Other applications do not require the improved UI functionality. Consider many banking applications similar in functionality to your average automatic teller machine (ATM) application. Since most of these applications are menu-driven, the MIDP UI does not have much ability to improve the data presentation over WML.
The challenge is to understand the application requirements and decide the best technologies to apply to solve the problem without over-engineering.
J2ME can offer synchronization support for limited connected devices, rich user interfaces, and advanced client-server communications. However, making use of such functionality comes only after some understanding of the challenges and limitations.
Persistence/ Synchronization: Persistence is the ability for applications to run without a wireless connection. Synchronization is the ability to keep a local data store on the client side in synch with the server data store once connection is established. By definition, J2ME applications are persistent, but without a local data store, it is practically impossible to produce a compelling application. For example, a J2ME-based email program will be persistent, but without a local database of emails, you cannot read your email offline.
Maintenance: Building a client-side J2ME application with a thin-client data store may require significant development effort since this is, in essence, custom application development.
Maintaining a synchronized solution requires monitoring data integrity after synchronization, a challenging task in multi-user shared environments. Although some commercial synch servers are available, many have their own limitations and proprietary synch conduits. Unless seamless over-the-air incremental synch is provided, synch operations can take too long over low-bandwidth wireless links, and the alternative of lugging around cradles reduces the usability of wireless applications. For example, in a mission-critical enterprise application such as time and attendance and real time scheduling, duplicate data entries may result in incorrect billing and underserved customers. In such cases, it may be necessary to resolve synchronization conflicts manually, a costly proposition. Local databases result in a security issue when the mobile device is lost. Unless password-protected, local databases are easy targets to crack for hackers. Client-side application version control is another issue to consider, but using automatic over-the-air provisioning software can solve much of the problem.

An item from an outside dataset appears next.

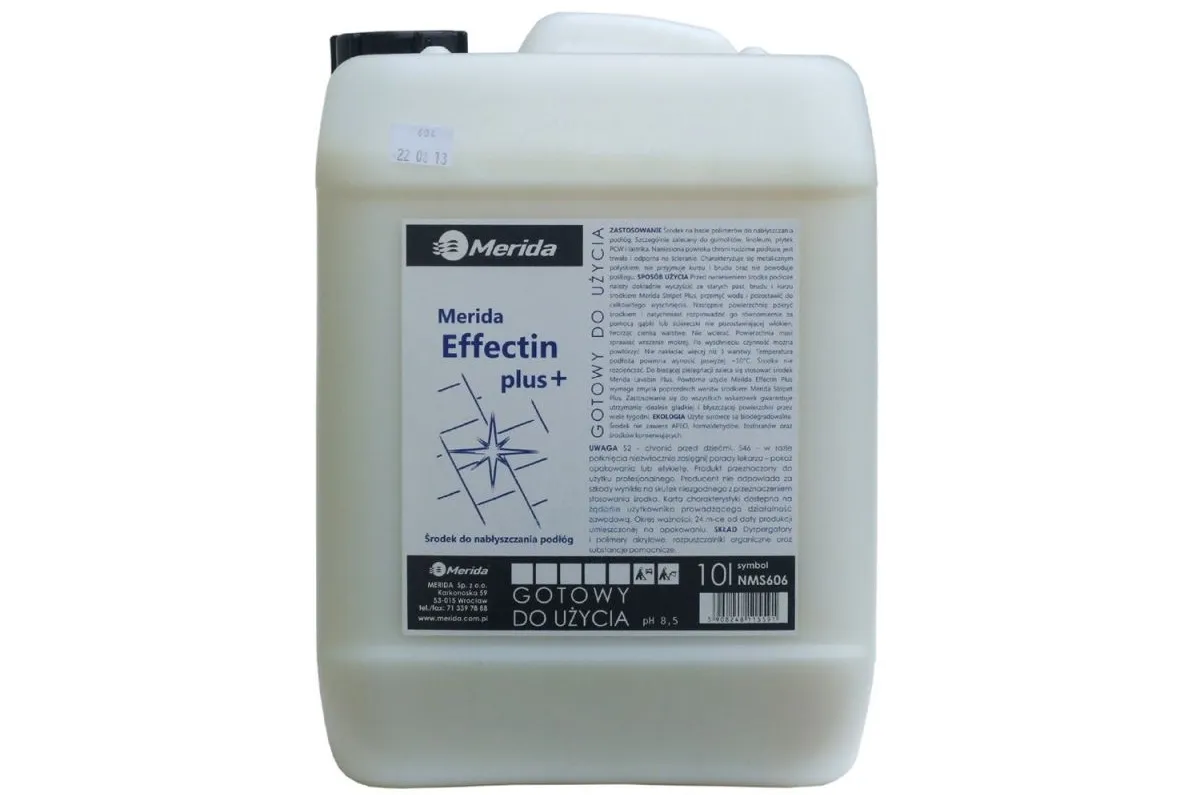 Merida Effectin Plus antypoślizgowa, wysokopołyskowa powłoka do podłóg, karnister 10 l NMS606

Rich and Adaptive User Interface: J2ME MIDP offers a richer user interface and is not limited by the capabilities of WAP browsers. However, such a UI has to be custom-designed for the mobile application and potentially for different devices, if the low-level API is used. This design development requires skills beyond markup languages. In contrast, to create compelling WAP applications, an enterprise could use an HTML developer to learn WML and leverage its existing Web development process. A Java developer would only need to program the back-end, and the less-costly markup language/HTML developer puts the front-end/presentation layer together. A similar J2ME application would require the full involvement of a more expensive and skilled Java developer during the entire development process.

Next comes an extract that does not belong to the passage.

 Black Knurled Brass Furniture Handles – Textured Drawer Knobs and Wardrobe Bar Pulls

On the flip side, a J2ME application is built once, and automatically adapts to a device by using the device profile and configuration settings. WAP applications require a robust mobile application server, such as Aligo's M-1 Mobile Application Server, to adapt to multiple devices. Depending on the device, J2ME applications may have pull capabilities and incorporate animated graphics and streaming media, whereas the WAP application will be limited by the capabilities of WAP browsers.

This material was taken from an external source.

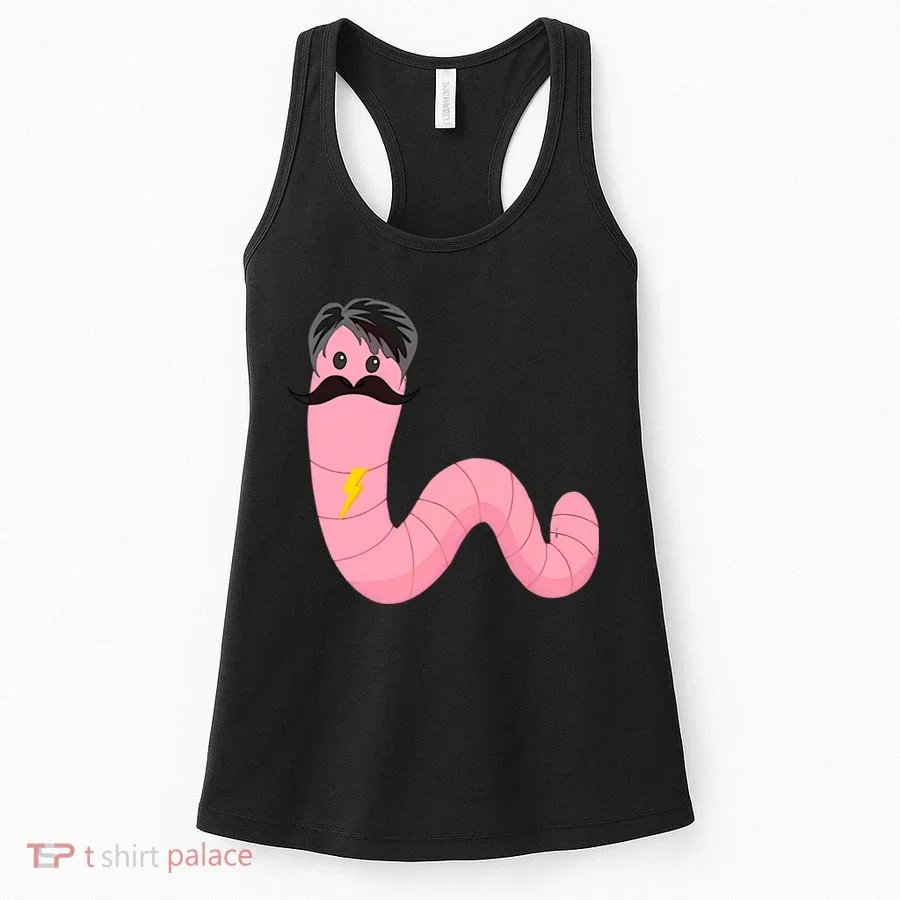 Worm With A Mustache James Tom Ariana Reality Women's Tank Top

Enhanced Client-Server Communications: MIDP devices can operate at an access protocol level different from WAP. J2ME on a WAP device can provide the ability to operate SSL end-to-end. The MIDP KSSL libraries perform the SSL encoding and decoding, while the WAP gateway only proxies the HTTPS requests. WTLS is not used at the gateway or on the end-device. For non-HTTP based applications, it is possible for certain MIDP devices to have a VPN client and tunnel into the enterprise. Installing and maintaining VPNs is an expensive endeavor for most enterprises, and costs may outweigh the benefits of enhanced functionality and speed.
J2ME has the ability to improve the end-user experience for certain types of applications; that is, applications that demand an improved UI and can benefit from a disconnected mode of operations. Outside of these applications, it is likely that J2ME will enhance browser-based applications by providing off the shelf plug-ins to add to the end-user experience.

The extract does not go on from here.